El Salvador should not use bitcoin as a legal tender because of the economic and consumer risk it poses, International Monetary Fund (IMF) employees wrote in a concluding statement related to a mission in the Central American country.
“Given Bitcoin’s high price volatility, its use as a legal tender involves a significant risk to consumer protection, financial integrity and financial stability,” the IMF statement said on 22 November. “Its use also gives rise to fiscal contingent liabilities. Because of these risks, bitcoin should not be used as a legal tender.”
IMF staff say that although they welcome financial inclusion and growth efforts, El Salvador should address risks associated with the use of bitcoin as a legal tender, its “new payment ecosystem”[ads1]; and bitcoin trading. The country made Bitcoin a legal tender next to the US dollar on September 7.
The IMF makes several recommendations for El Salvador in the statement, including limiting the scope of the bitcoin law.

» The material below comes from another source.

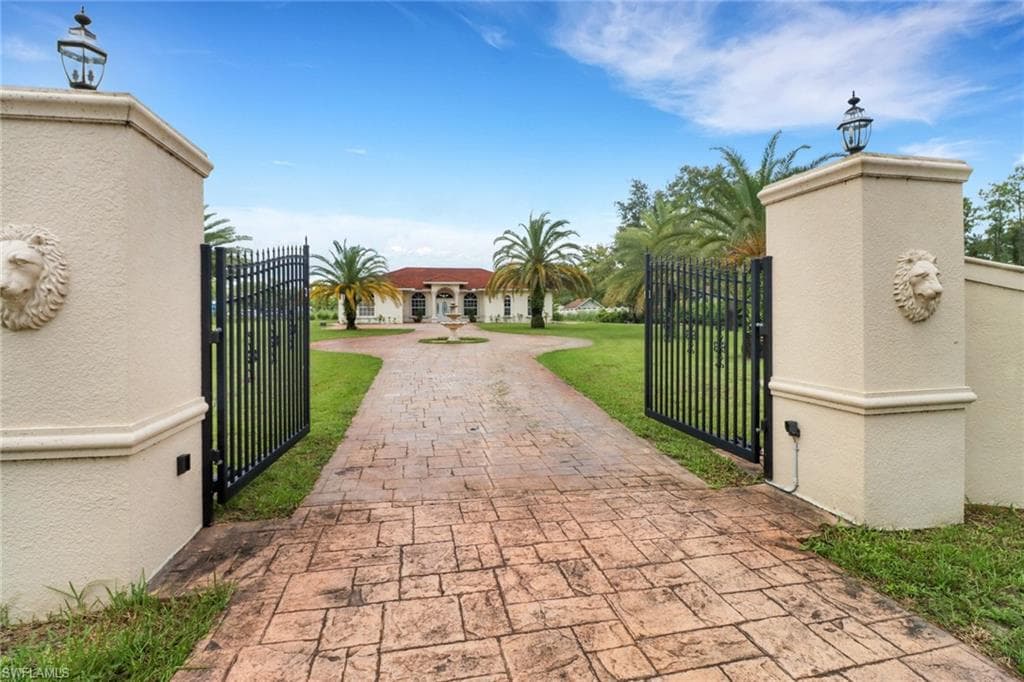 3711 4th Ave SE, Naples, FL 34117-4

It also proposes to strengthen regulation and supervision of the payment system in order to protect consumers, protect against money laundering and terrorist financing (AML / CFT) and manage risk.
“As with other e-wallets, Billy Goat “It should be required to fully secure customers’ funds, both in US dollars and Bitcoin, by separating and refining reserves,” the IMF statement said.

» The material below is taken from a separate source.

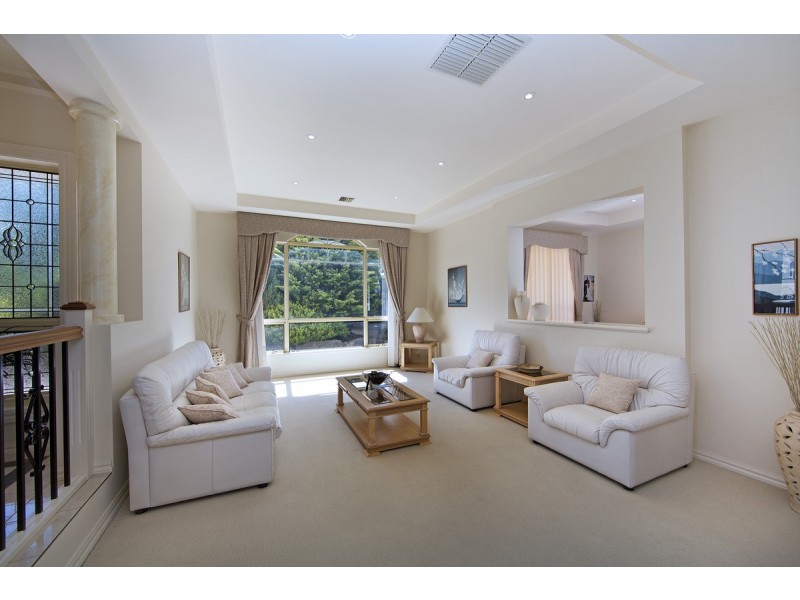 30 Rochester Crescent, Golden Grove SA 5125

In addition, the IMF recommends that El Salvador consider closing the $ 150 million trust fund it uses to facilitate the conversion of Bitcoin into US dollars.
«Measures to limit tax-related liabilities, such as winding up the fund or withdrawing public grants to Billy Goat, should also be considered immediately, “recommends the IMF. In addition, it states that the country’s banking regulations should include security measures focused on exposure to bitcoin.
El Salvador’s President Nayib Bukele addressed the statement on Twitter shortly after it was published.
“The IMF has just published its technical evaluation of El Salvador for the year 2021,” Bukele wrote in Spanish. “And although we obviously do not agree on anything, such as the adoption of Bitcoin, their analysis of our country is interesting.” He then shared a series of messages with highlighted passages pointing to more favorable statements.
The IMF and El Salvador have been engaged in talks on a $ 1.3 billion loan deal, Bloomberg reported. These concluding statements include employees’ preliminary findings after completing an official assignment to a country.
The IMF did not evaluate President Bukele’s recent announcement that El Salvador would issue so-called bitcoin bonds, as announced after the mission ended.